» Input for this task
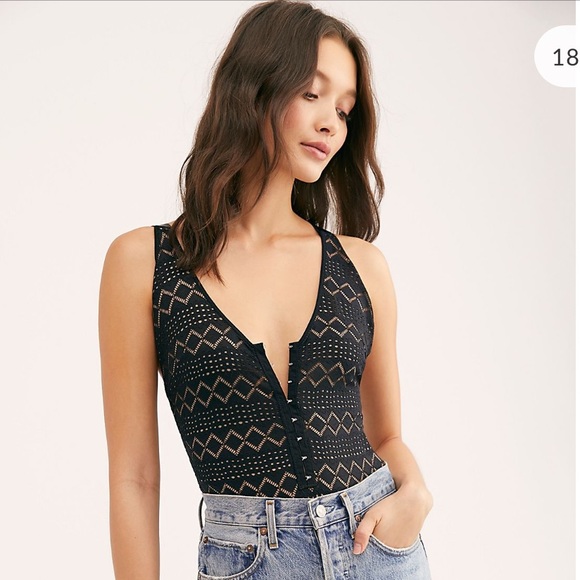 Free People Tops - NWT FP Thank You Never bodysuit (XS)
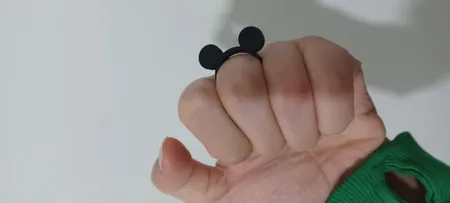 انگشتر دخترانه مدل mickey mouse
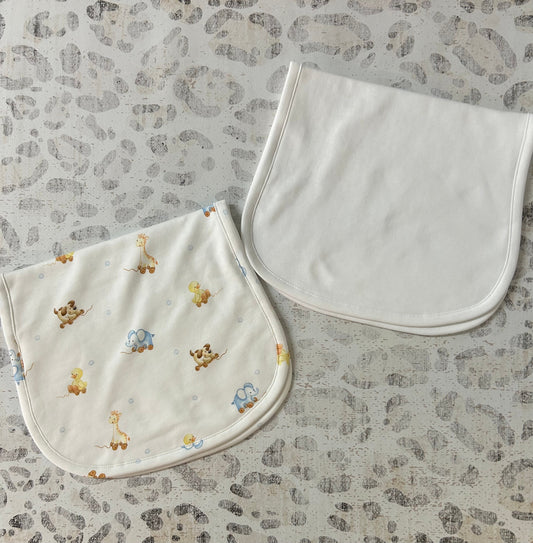 Baby Club Chic Sweet Toys Printed Burp cloth set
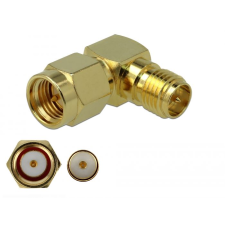 DELOCK SMA-dugó apa RP-SMA csatlakozóhüvely 90 3 GHz adapter (89967) (DL89967) kábel és adapter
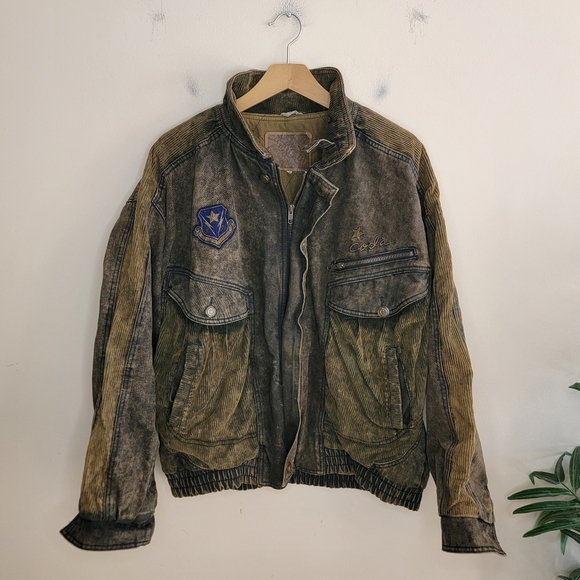 Vintage Coda | Antique Wash Distressed Bomber Style Flight Jacket Size Medium - Picture 1 of 7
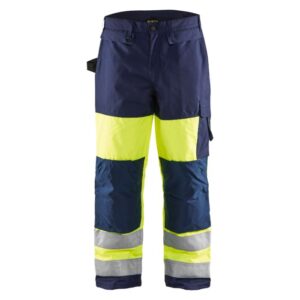 Blåkläder Winterbroek High Vis 18831997 - High Vis Geel/Marineblauw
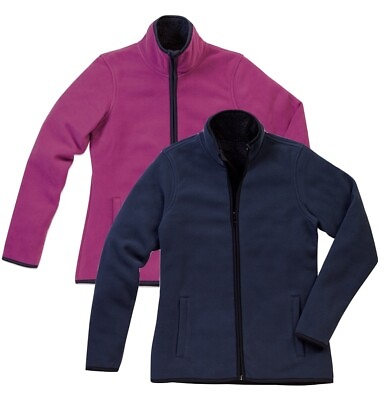 #ad Womens Womans Ladies Jacket Microfleece Outer Warm Cozy Teddy Fleece Inner GBP 24.99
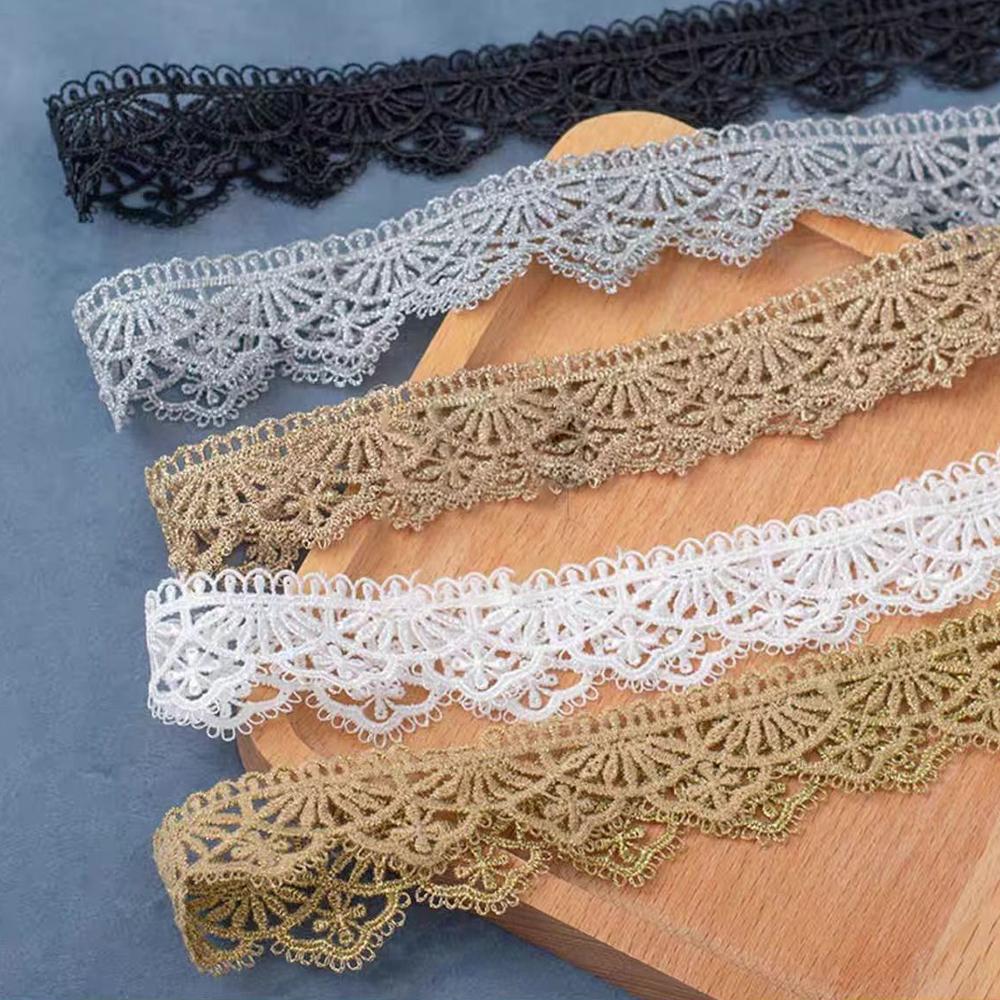 2 Yards/182CM Black Silver Lace Trim Ribbon Hollow-Out Webbing DIY Craft Gift Packing Sewing Decor Supplies 2.6cm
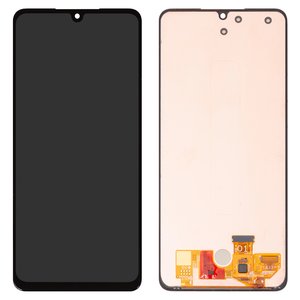 LCD compatible with Samsung A336 Galaxy A33 5G, black, without frame, original change glass 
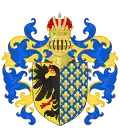 Version du Grand armorial colorié, par Alexandre LeBlancq, ms. fr. 5232, Bibliothèque nationale de France.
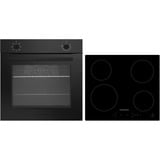 Respekta 15110000000726, Jeu de cuisinière Noir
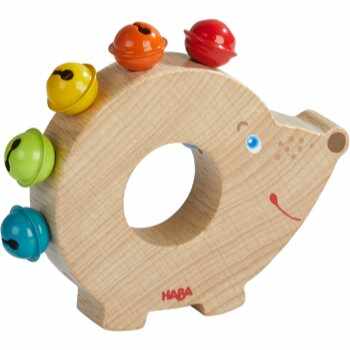 Haba Wooden Rattle Hedgehog jucărie zornăitoare din lemn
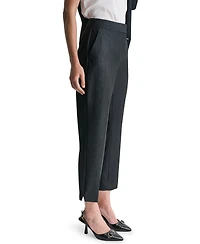 Bcbg Women's High-Rise Wide-Leg Full-Length Pants
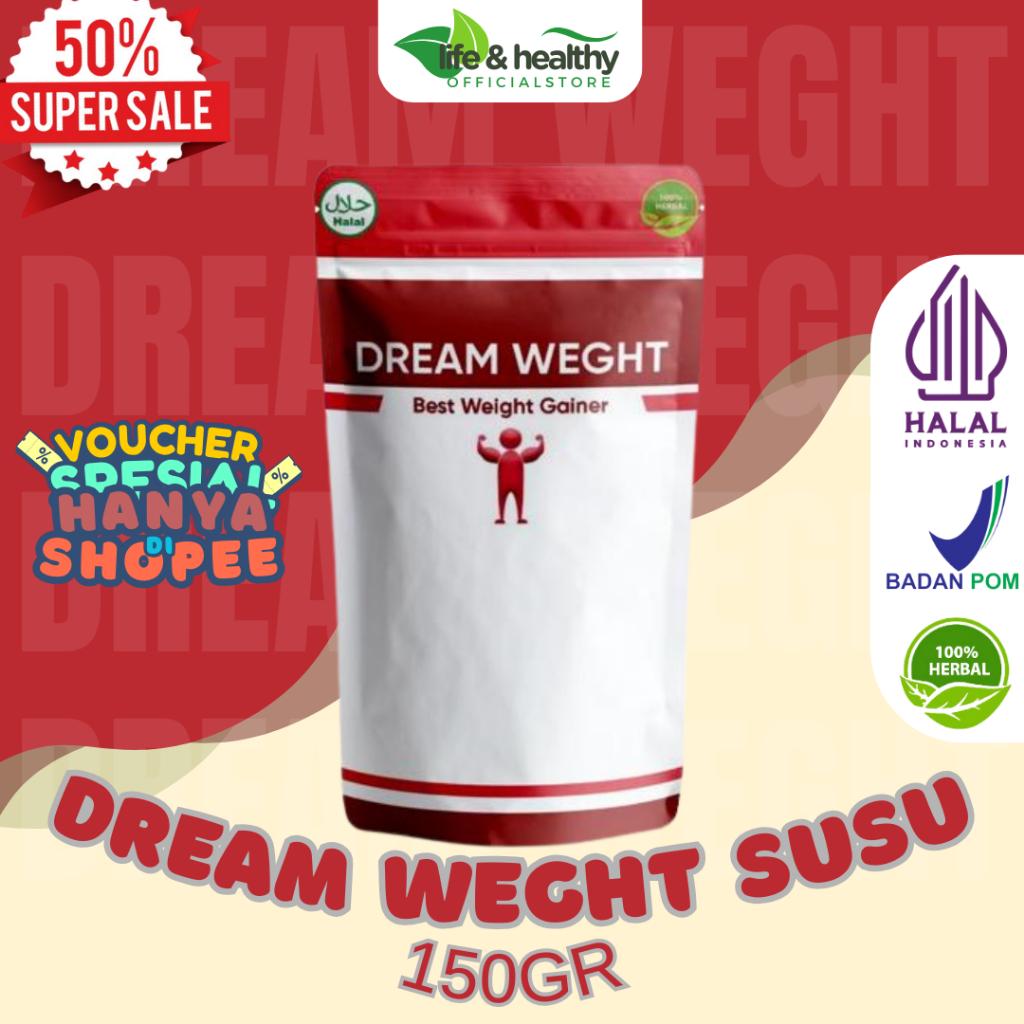

Halal Indonesia Dream Weight Susu 150GR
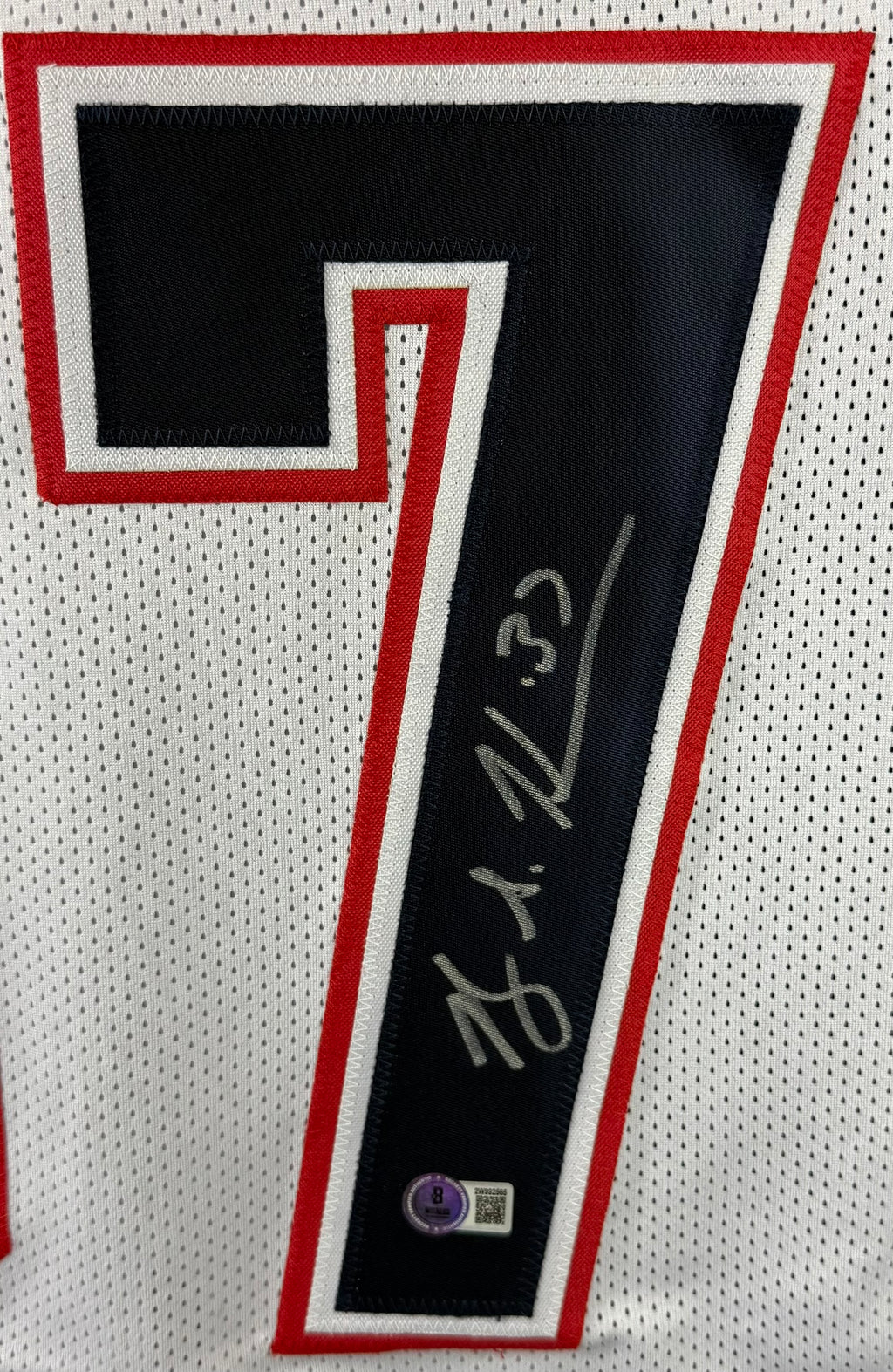 RODNEY HARRISON AUTOGRAPHED CUSTOM WHITE PRO STYLE JERSEY BAS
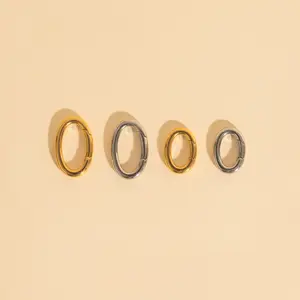 Oval Necklace Charm Clasp Oval Necklace Charm Clasp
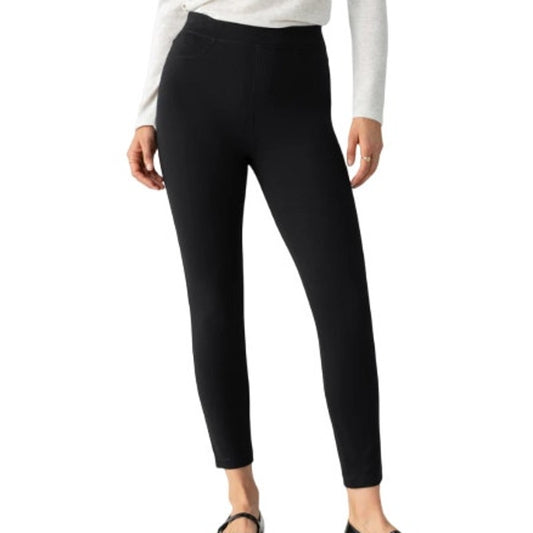 Sanctuary Women's Semi-High Rise Leggings in Black, Size Large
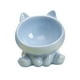 thumbnail image 2 of Cuenco alimentador de gato de cerámica, plato, cuenco para beber para gatito, accesorio antideslizante, suministros de alimentación para gatos, azul, 2 of 9
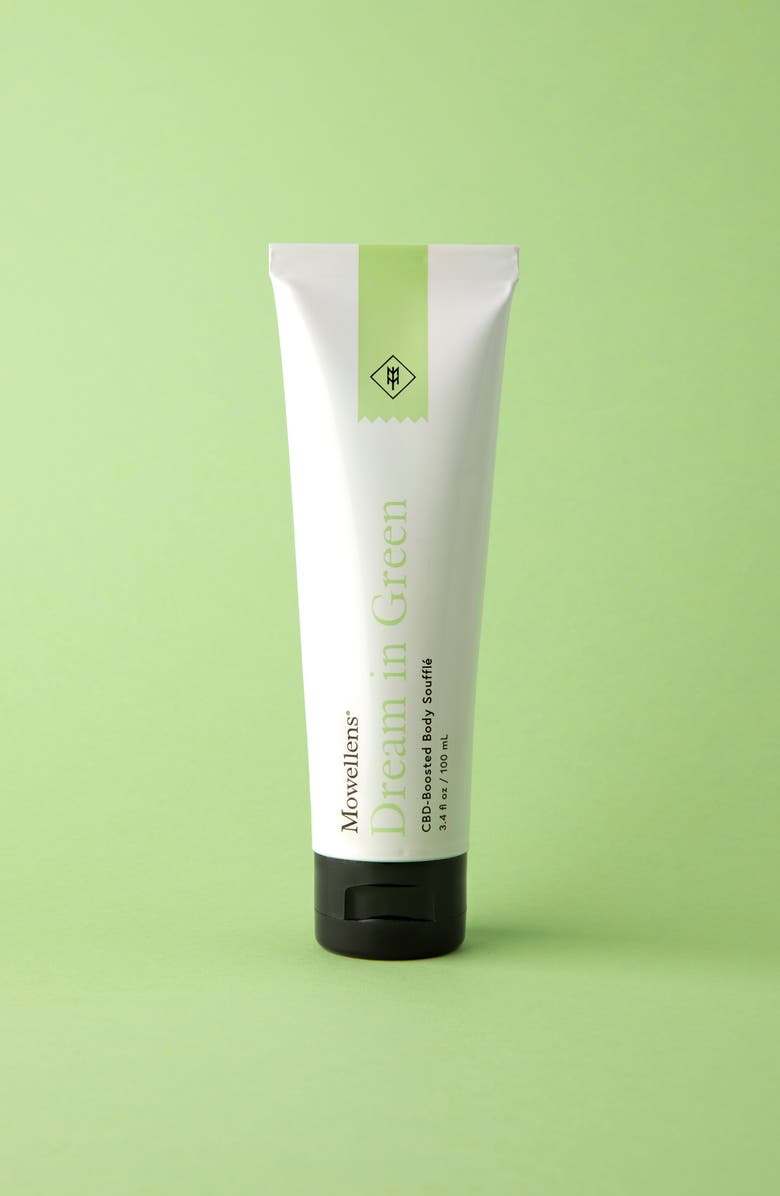 Mowellens Dream in Green CBD-Boosted Body Soufflé, Alternate, color,
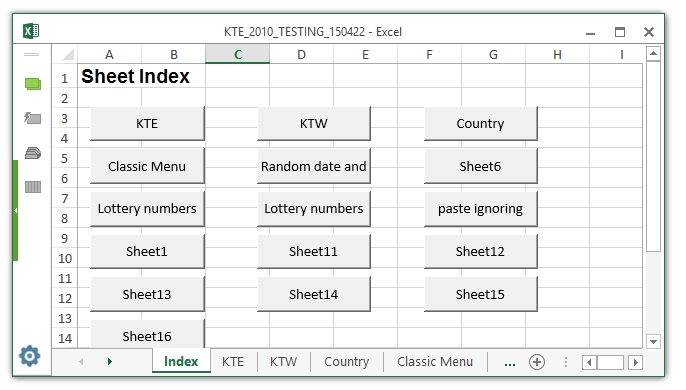 How To Create Buttons To Open/Go To Certain Sheets In Excel? With Index Card Template Open Office
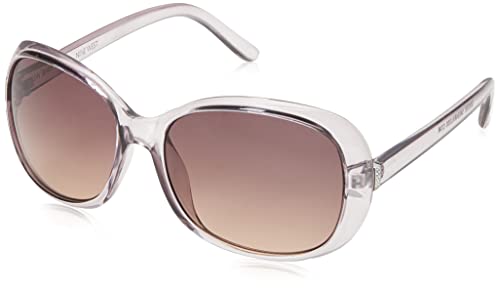 Nine West Women's Cheri Sunglasses Oval, Taupe, 57mm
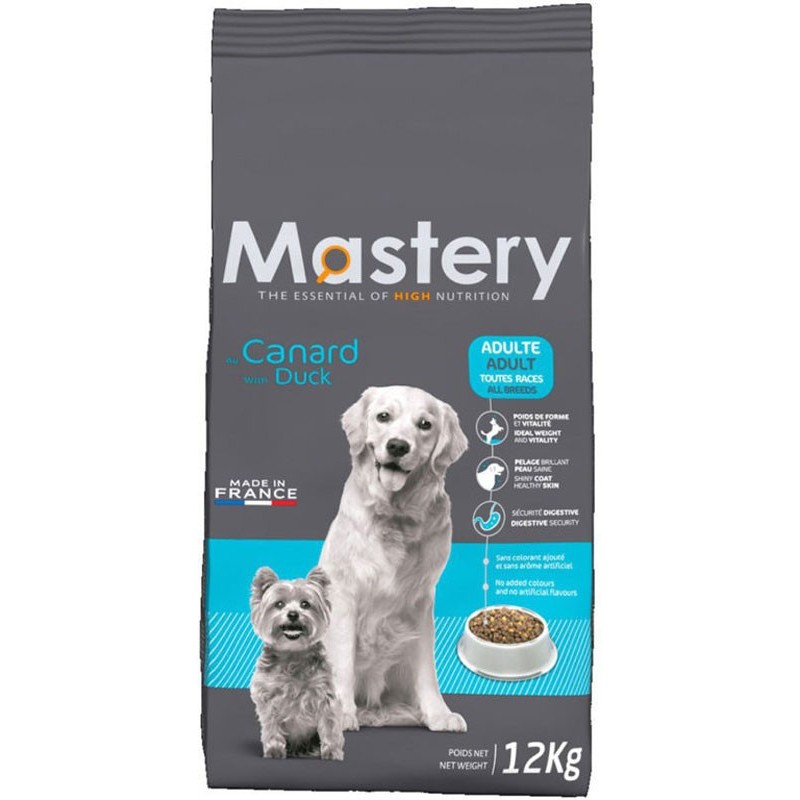 Mastery Chien Canard 12Kg - Croquettes pour chiens adultes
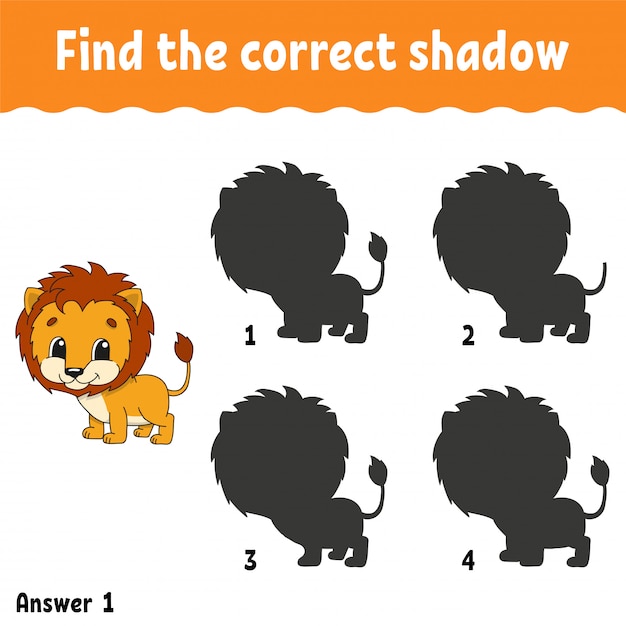 Find the correct shadow. 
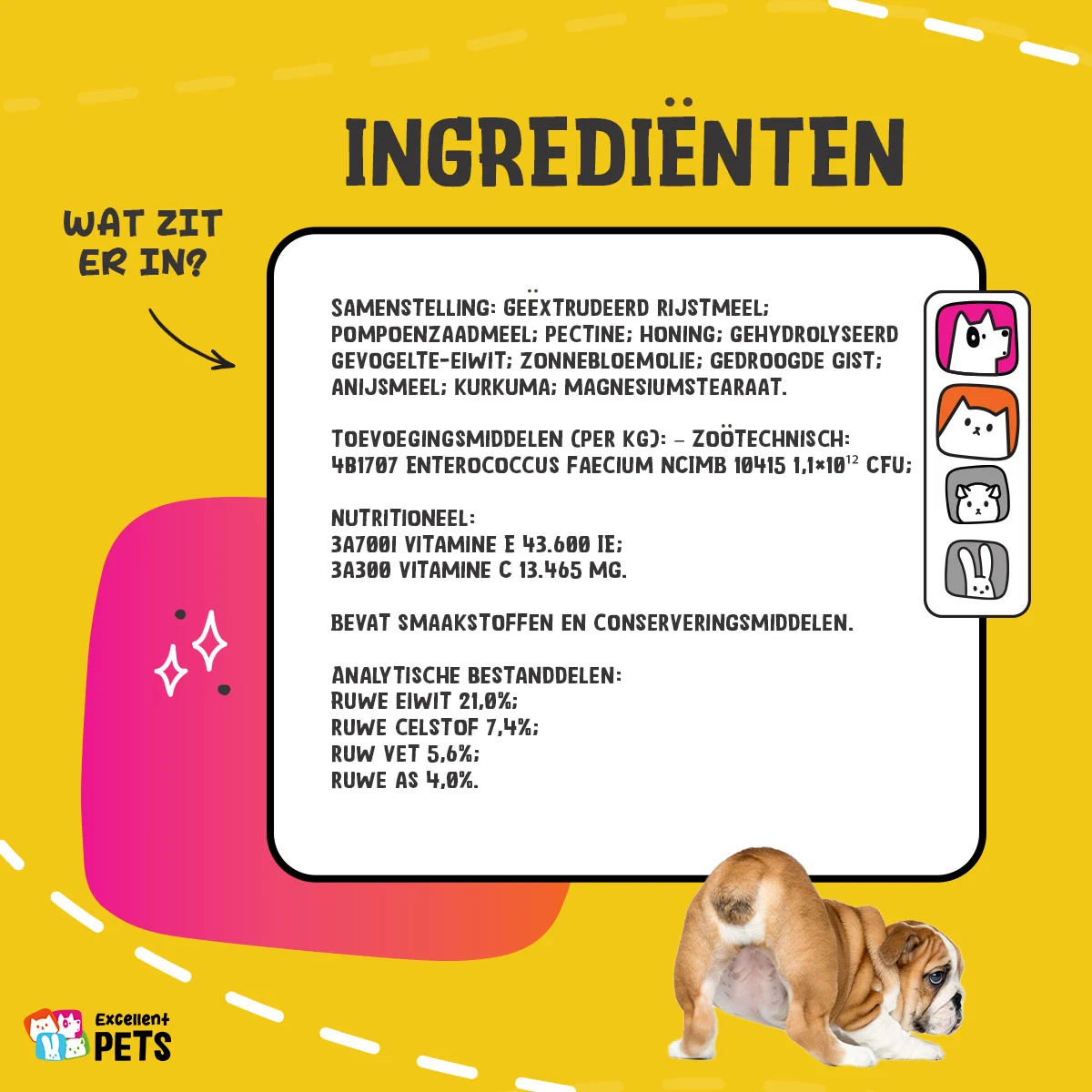 Doplňkové krmivo pro psy a kočky s prebiotiky a probiotiky – Excellent Pets Gland Guard Poeder - Obrázek 5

» Prompt
Please transcribe exactly the lines from the one containing "Find the correct shadow." through the last line of the records above, both included, and leave out every picture.

» Reply
 Find the correct shadow. 
 Doplňkové krmivo pro psy a kočky s prebiotiky a probiotiky – Excellent Pets Gland Guard Poeder - Obrázek 5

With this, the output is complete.